Avengers: Endgame (PG-13)
17/05/19 22:11 Filed in: 2019
Directed by: Anthony Russo, Joe Russo
Starring: Robert Downey Jr.
Warning! This is NOT a movie review. This is a critique of the film. Intended to initiate a dialogue, the following analysis explores various aspects of the film and may contain spoilers. Views are my own and elaborate on comments that were originally tweeted in real time from the back row of a movie theater @BackRoweReviews. For concerns over objectionable content, please first refer to one of the many parental movie guide websites. Ratings are based on a four star system. Happy reading!
Even though, in the strictest sense, Avengers: Endgame isn’t a family film, its central theme revolves around family. Like Shrek’s onion (or Donkey’s parfait), there are many layers of family in this film. In fact, from start to finish, Endgame is all about family.
The movie begins with Clint Barton/Hawkeye (Jeremy Renner) having a picnic with his family. The film ends with many families and friends attending a gathering. These individuals make up a large family of characters we’ve come to know and love over the course of the twenty-two Marvel (MCU) movies (which comprise an interconnected family of films).
We watched in utter shock as half of this expansive family of superheroes turned to ash in the previous film, Avengers: Infinity War (2018).

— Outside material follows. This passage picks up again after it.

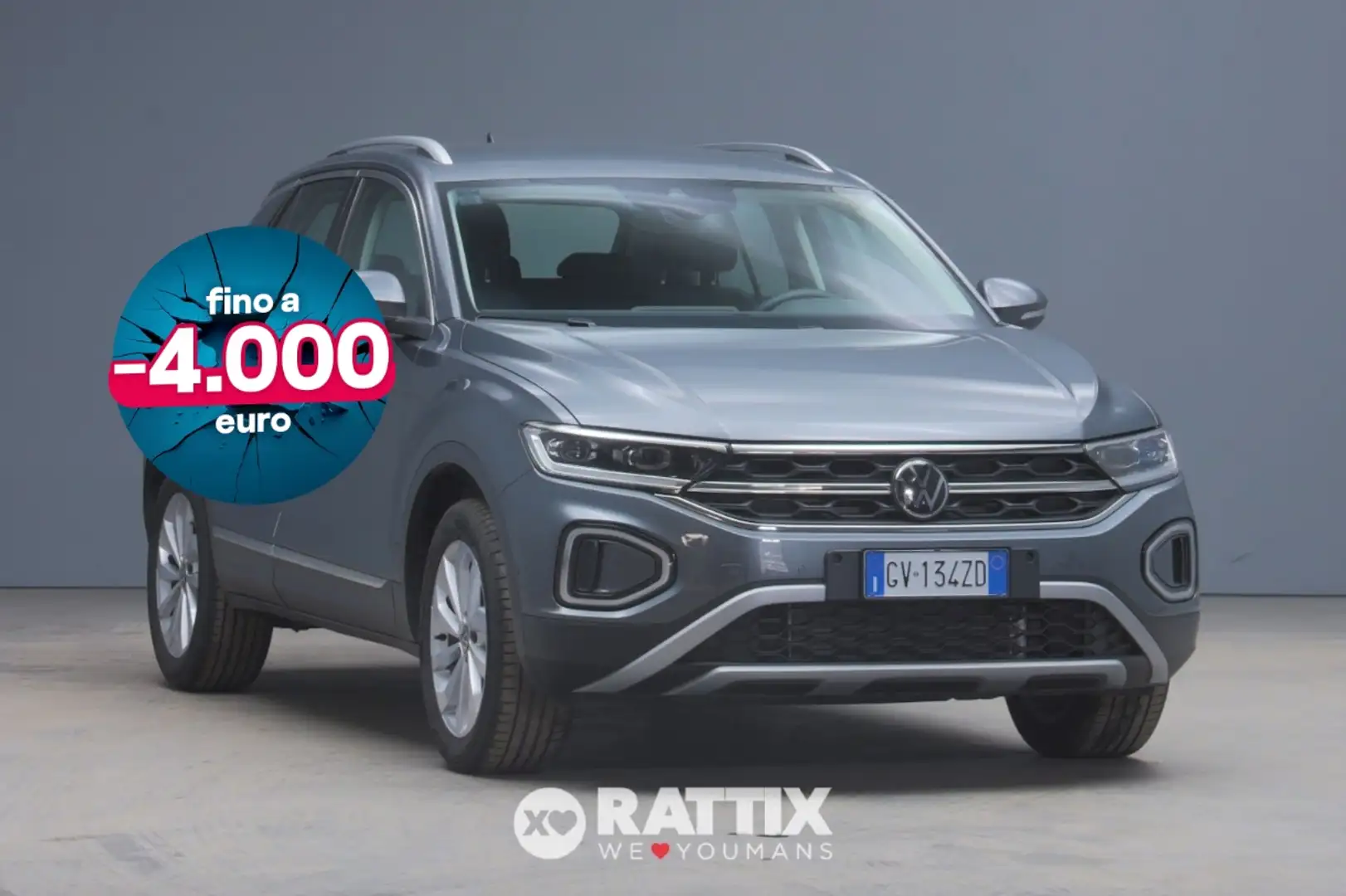 Volkswagen T-Roc 2.0 TDI 150CV Style DSG Grigio - 1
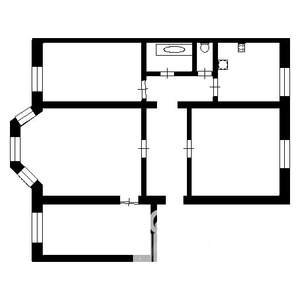 1-к квартира, на длительный срок, 23м2, 2/9 этаж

In a very real sense, it feels like we’re losing more family members in Endgame, since this is the final Marvel movie for many of the main actors.
The script, by Christopher Markus and Stephen McFeely, places added emphasis on relationships by including a number of rich character moments between the superheroes and their families. In addition to Hawkeye’s family, we encounter several generations of Starks. Tony Stark/Iron Man (Robert Downey Jr.), becomes a type of surrogate father to Peter Parker/Spider-Man (Tom Holland). Thor (Chris Hemsworth) is reunited with some of his family and we witness the extreme sibling rivalry between Thanos’ (Josh Brolin) two daughters: Gamora (Zoe Saldana) and Nebula (Karen Gillan). These instances, and many others, confirm that the movie’s main priority is family.
In an unforgettable scene, Steve Rogers/Captain America (Chris Evans) chooses family over freedom fighting. It’s a poignant reminder of what matters most in life.
One last aspect of the family metaphor before I completely drive it into the ground; a whole generation of kids (and their families) have grown up watching the Marvel movies. How will these films be viewed by future generations? By focusing on family, the Marvel films, especially this one, will resonate far into the future.